**YOUR GOAL**
Your answer should be an exact copy of the lines from the one holding "motorcycle jump image" to the end of the material below, pictures left out.

**SOURCE DATA**
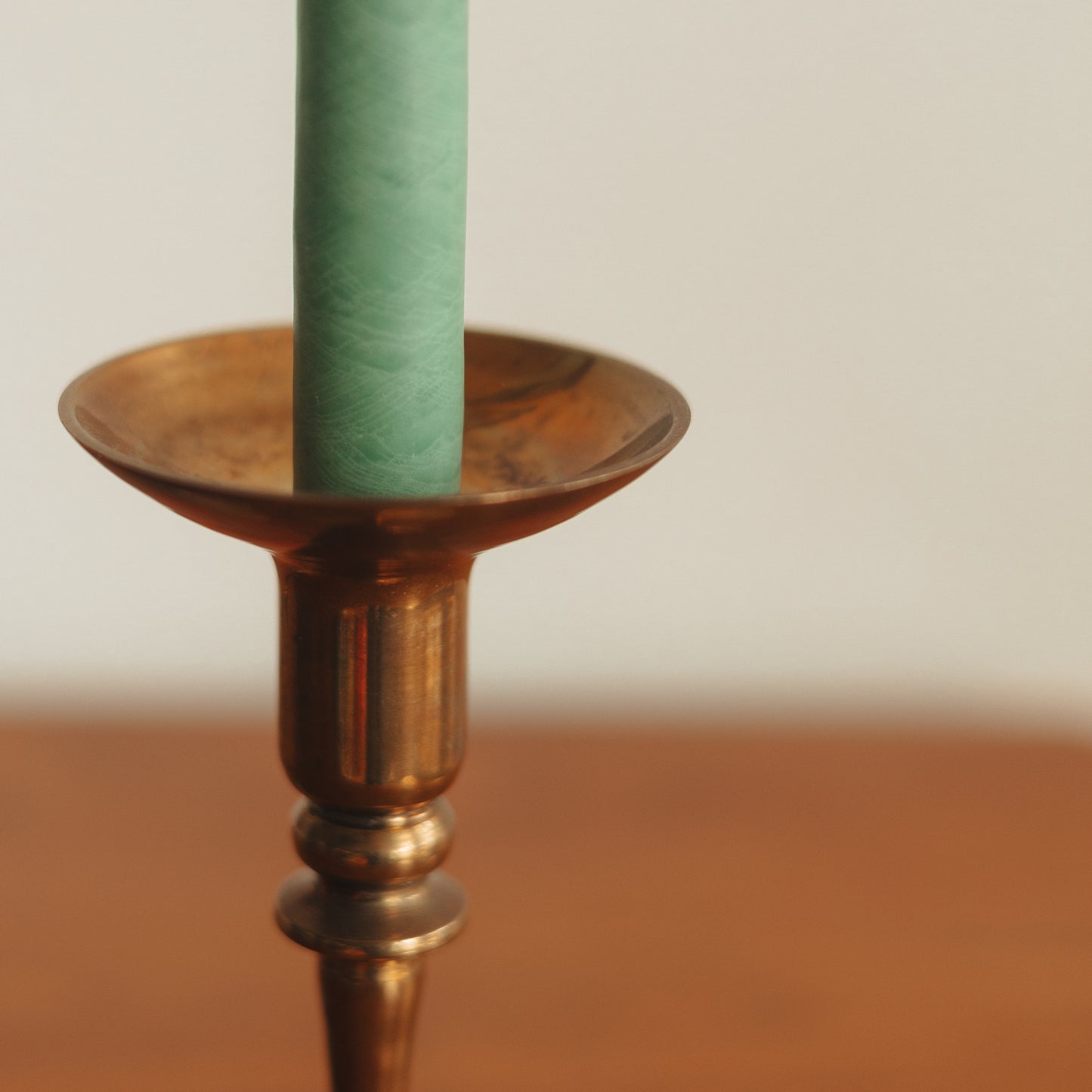 Traditional Brass Candlestick Pair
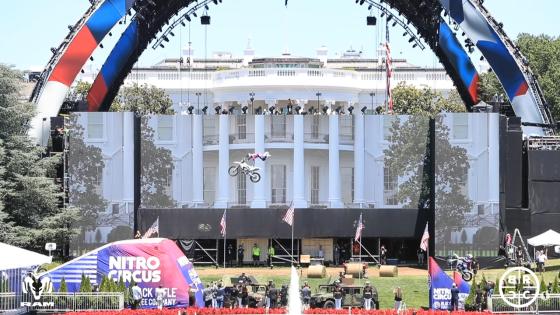 Pastrana, Carmichael, McGrath lead historic White House motorcycle jump Pastrana, Carmichael, McGrath lead historic White House motorcycle jump image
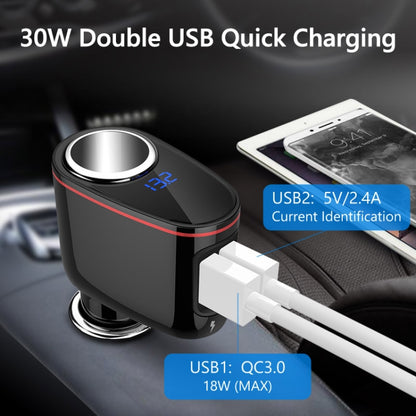 S-06A Multifunctional Car Cigarette Lighter 100W One for Two High Power Charger - Car Charger by PMC Jewellery | Online Shopping South Africa | PMC Jewellery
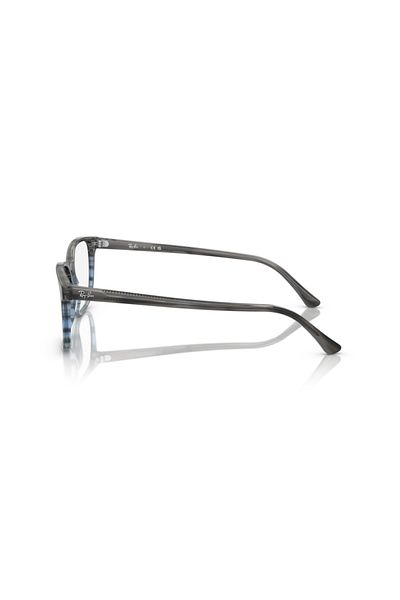 Ray-Ban Ray Ban Vista Unisex Square Eyeglasses- Rb 5418 - Lense Size:54mm - Striped Gray Gradient Blue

**EXERCISE RESPONSE**
 Pastrana, Carmichael, McGrath lead historic White House motorcycle jump Pastrana, Carmichael, McGrath lead historic White House motorcycle jump image
 S-06A Multifunctional Car Cigarette Lighter 100W One for Two High Power Charger - Car Charger by PMC Jewellery | Online Shopping South Africa | PMC Jewellery
 Ray-Ban Ray Ban Vista Unisex Square Eyeglasses- Rb 5418 - Lense Size:54mm - Striped Gray Gradient Blue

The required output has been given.